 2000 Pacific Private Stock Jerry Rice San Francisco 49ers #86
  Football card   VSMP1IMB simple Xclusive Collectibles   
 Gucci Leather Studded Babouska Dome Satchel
::::::
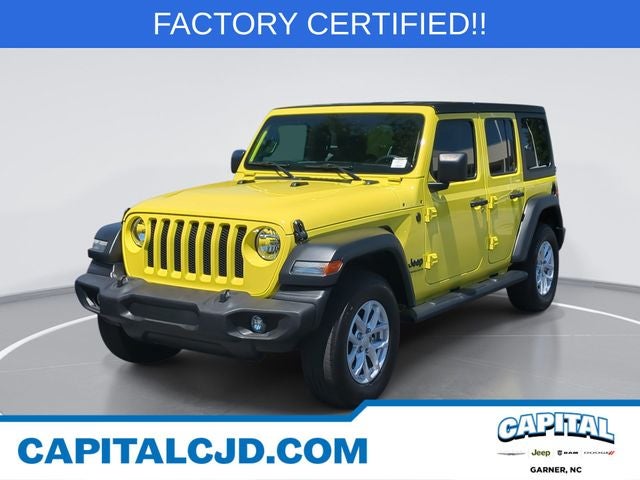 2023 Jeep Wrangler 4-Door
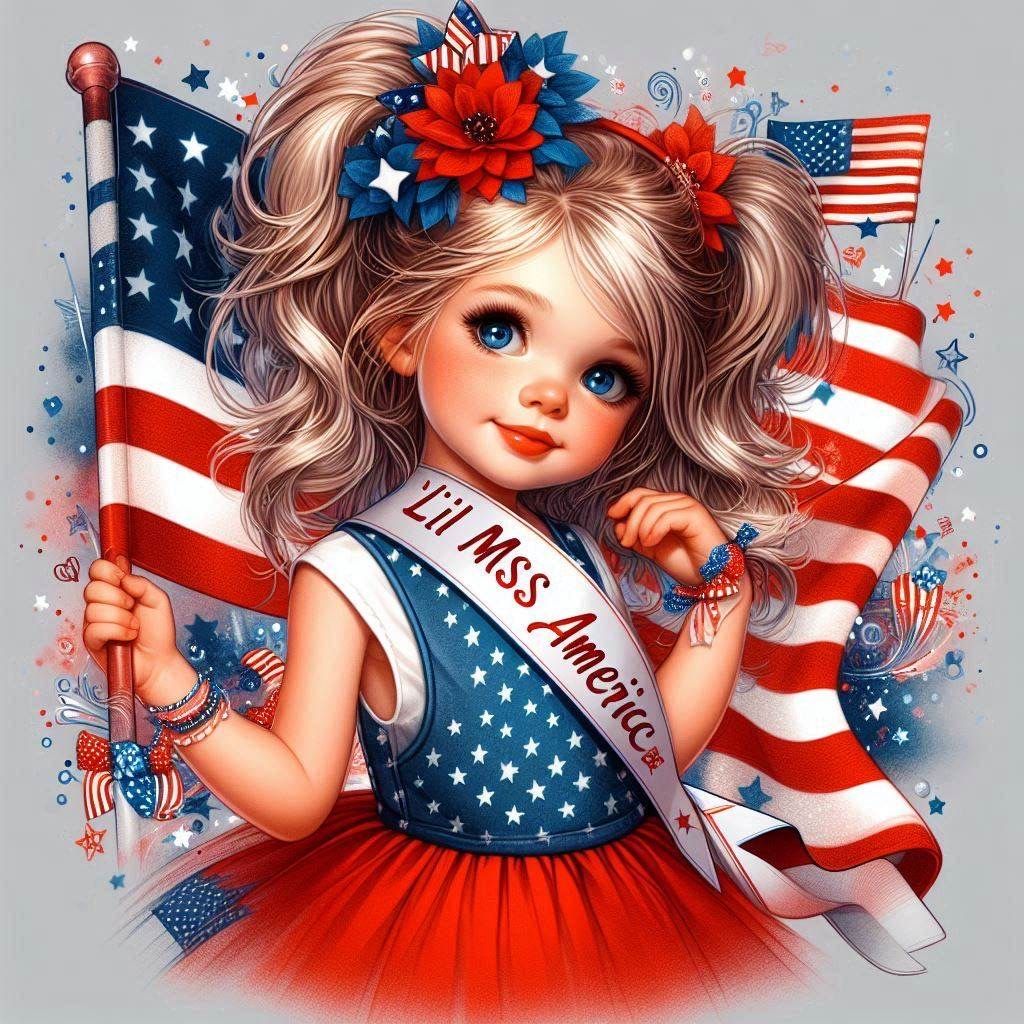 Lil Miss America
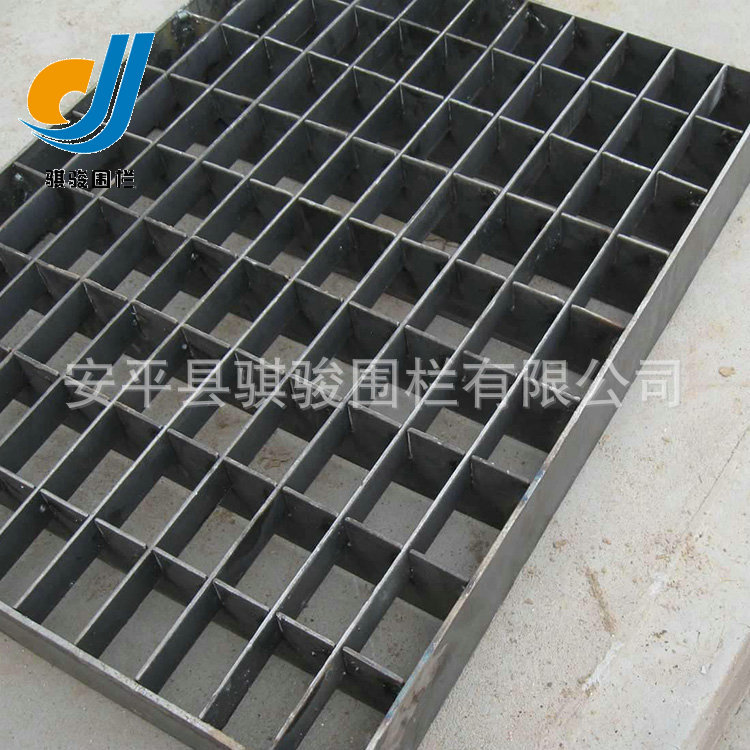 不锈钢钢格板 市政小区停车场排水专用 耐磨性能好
::::::
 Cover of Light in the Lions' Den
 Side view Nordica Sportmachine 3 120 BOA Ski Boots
::::::
Work item: For this exercise, please output exactly the lines above starting at the line with "2000 Pacific Private" and ending at the line with "Gucci Leather Studded Babouska Dome Satchel", ends included.

Worked solution:
 2000 Pacific Private Stock Jerry Rice San Francisco 49ers #86
  Football card   VSMP1IMB simple Xclusive Collectibles   
 Gucci Leather Studded Babouska Dome Satchel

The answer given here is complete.